Faut-il supprimer les communes ?
Alors que toute l’énergie est concentrée sur les élections municipales, ne devrait-on pas s’inquiéter du manque de démocratie locale ? Depuis dix ans le succès de l’intercommunalité est flagrant, plus de 92 % des communes sont concernées, 86 % des habitants (et même bien plus de 95 % si l’on exclut Paris)... et toujours pas de suffrage universel direct en vue.
L’idée de diminuer le nombre de communes en augmentant leur rayon d’action n’est pas nouvelle mais, si l’on excepte la création de 9 communautés urbaines en 1966, c’est seulement la loi de février 1992 (loi Pasqua) et celle de juillet 1999 (loi Chevènement) qui ont propulsé la nouvelle intercommunalité.
Le problème est simple à comprendre : une commune ne peut pas résoudre seule des questions qui dépassent son périmètre. Et, la zone de vie des habitants, domicile, lieu de travail, école et zone commerciale débordent très souvent le périmètre d’une commune. Pourtant les roitelets locaux ont longtemps résisté.
Ces deux lois de 1992 et 1999 ont remplacé ou éliminé les constructions précédentes (district, SIVU, SIVOM...). Elles ont totalement changé le paysage des communautés territoriales.
Tout d’abord en créant trois structures, dites EPCI - Etablissements Publics de Coopération Intercommunale à fiscalité propre - : les CU, les CA et les CC.
CU -
Communautés urbaines
- 14 aujourd’hui
Le plus haut degré de coopération. Des compétences qui couvrent un large spectre des activités humaines non traitées au niveau national. Elles tendent à remplacer les communes et débordent de plus en plus sur les départements qui les entourent. Le Grand Lyon regroupe 80 % de la population du Rhône. Un minimum d’habitants fixé à 500 000. Une fiscalité propre qui égale ou dépasse les fiscalités communales.

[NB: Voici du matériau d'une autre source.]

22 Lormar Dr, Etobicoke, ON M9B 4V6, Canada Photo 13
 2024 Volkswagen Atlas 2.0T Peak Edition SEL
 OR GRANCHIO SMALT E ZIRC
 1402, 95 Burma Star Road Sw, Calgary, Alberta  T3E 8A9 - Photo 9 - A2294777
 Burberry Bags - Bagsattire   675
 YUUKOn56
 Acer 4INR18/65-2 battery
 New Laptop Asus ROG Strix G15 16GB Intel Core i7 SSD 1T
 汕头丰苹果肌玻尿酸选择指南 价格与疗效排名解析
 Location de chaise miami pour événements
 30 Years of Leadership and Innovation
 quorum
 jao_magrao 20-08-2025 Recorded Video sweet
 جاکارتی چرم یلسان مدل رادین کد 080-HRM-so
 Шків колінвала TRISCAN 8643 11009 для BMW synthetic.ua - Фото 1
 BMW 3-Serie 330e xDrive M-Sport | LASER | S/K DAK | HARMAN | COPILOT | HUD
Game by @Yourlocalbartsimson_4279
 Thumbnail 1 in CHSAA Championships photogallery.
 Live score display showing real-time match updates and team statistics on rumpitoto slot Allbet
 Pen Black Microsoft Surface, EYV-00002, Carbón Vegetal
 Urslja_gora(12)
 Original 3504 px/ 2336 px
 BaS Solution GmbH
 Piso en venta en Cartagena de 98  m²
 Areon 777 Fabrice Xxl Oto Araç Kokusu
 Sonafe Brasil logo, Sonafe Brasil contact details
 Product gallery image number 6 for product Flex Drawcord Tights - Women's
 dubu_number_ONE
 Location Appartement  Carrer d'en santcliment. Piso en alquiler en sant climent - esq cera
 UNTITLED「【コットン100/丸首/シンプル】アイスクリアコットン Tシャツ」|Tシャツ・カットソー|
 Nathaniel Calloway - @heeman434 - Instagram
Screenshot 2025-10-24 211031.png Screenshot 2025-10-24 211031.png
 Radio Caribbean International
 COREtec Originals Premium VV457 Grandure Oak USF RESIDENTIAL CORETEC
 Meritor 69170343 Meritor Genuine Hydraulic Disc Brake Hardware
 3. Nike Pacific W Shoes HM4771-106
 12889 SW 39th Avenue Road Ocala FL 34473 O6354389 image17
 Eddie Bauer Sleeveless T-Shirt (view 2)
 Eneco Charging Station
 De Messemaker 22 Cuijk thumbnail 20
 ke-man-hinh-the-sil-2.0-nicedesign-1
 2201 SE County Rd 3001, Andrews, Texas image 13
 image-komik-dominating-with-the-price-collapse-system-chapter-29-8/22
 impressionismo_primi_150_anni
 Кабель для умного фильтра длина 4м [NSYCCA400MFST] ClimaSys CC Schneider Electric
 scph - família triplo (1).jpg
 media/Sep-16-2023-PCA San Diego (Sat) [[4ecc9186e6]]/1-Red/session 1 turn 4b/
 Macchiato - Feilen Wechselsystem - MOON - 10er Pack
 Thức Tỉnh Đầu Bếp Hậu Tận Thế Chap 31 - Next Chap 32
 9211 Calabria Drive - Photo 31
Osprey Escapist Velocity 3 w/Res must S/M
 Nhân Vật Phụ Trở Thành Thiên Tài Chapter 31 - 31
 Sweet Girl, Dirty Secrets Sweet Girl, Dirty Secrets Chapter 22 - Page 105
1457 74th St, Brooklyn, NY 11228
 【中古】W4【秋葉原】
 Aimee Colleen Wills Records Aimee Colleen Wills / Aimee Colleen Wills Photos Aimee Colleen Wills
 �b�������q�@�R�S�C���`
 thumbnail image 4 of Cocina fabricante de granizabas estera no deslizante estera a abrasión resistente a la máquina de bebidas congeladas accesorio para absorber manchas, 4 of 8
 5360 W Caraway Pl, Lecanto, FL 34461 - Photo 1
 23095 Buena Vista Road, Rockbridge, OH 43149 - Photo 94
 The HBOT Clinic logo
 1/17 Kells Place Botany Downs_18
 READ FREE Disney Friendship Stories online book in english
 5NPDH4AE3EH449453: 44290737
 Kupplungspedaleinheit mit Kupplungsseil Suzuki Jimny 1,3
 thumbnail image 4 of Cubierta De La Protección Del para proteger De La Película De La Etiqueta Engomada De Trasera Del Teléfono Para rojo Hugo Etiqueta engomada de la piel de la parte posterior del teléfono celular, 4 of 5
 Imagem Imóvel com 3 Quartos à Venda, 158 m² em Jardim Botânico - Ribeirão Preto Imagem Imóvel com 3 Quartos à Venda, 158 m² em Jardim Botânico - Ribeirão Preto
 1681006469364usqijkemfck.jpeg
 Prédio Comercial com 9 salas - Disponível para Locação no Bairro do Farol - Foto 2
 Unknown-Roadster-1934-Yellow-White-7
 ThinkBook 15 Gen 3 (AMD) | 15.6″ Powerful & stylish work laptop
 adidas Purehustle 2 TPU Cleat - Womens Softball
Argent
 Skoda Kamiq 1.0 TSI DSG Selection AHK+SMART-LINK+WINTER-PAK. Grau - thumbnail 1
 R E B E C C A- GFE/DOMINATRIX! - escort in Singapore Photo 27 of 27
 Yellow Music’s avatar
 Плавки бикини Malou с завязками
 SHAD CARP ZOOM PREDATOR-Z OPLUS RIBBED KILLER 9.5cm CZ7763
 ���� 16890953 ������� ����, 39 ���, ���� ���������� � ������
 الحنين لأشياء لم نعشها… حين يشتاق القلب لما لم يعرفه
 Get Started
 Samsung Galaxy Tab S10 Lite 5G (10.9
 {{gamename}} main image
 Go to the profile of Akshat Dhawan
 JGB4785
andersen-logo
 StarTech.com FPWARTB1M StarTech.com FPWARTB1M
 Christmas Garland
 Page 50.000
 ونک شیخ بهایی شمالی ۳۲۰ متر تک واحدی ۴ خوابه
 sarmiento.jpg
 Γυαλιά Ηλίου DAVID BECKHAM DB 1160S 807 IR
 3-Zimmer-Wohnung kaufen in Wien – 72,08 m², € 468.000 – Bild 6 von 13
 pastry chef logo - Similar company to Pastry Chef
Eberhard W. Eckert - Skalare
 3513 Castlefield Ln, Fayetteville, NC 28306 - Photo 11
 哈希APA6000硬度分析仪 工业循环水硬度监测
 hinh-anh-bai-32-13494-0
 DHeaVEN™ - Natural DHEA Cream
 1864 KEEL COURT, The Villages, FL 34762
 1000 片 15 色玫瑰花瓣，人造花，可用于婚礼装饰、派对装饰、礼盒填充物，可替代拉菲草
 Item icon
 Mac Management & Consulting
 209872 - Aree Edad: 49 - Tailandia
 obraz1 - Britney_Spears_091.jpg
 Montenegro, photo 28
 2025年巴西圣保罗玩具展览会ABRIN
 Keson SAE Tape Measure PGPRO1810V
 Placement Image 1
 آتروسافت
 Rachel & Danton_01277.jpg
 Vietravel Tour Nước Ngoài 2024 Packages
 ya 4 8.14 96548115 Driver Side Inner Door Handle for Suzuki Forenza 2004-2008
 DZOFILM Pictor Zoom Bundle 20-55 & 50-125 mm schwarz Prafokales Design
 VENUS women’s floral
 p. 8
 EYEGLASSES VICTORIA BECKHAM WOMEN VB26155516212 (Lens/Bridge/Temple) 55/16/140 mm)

CA - Communautés d’agglomération
|
2000 |
2001 |
2002 |
2003 |
2004 |
2005 |
2006 |
2007 |
2008 |
CA |
50 |
90 |
120 |
143 |
155 |
162 |
164 |
169 |
171 |
Des compétences presque aussi riches qu’une CU. Une population au minimum de 50 000 habitants (660 000 à Toulouse).
CC - Communauté de communes
1993 |
1999 |
2000 |
2002 |
2004 |
2006 |
2008 |
193 |
756 |
1105 |
1347 |
1733 |
2195 |
2342 |
La forme la plus souple de coopération. Peu d’obligation, le choix est donné aux communes de s’organiser, mais avec la possibilité d’être aussi puissante et riche de compétences qu’une CA.
Des budgets basés sur quatre financements :
- la DGF : Dotation globale de fonctionnement. Part
de l’impôt reversé par l’Etat à toutes les collectivités locales, en constante diminution ;
- les impôts ménages (Taxe d’habitation, Taxes foncières sur les propriétés bâties et non bâties) ;
- la TPU, Taxe professionnelle unique de la
communauté, pour les CU et les CA. Les CC peuvent ou non adopter la TPU, ce qui
implique une plus grande coopération ;
- une dotation bonifiée sous certaines conditions (incitation).
Un personnel propre en constante augmentation avec des risques de redondance avec les communes.
Un succès énorme, mais un déficit démocratique évident.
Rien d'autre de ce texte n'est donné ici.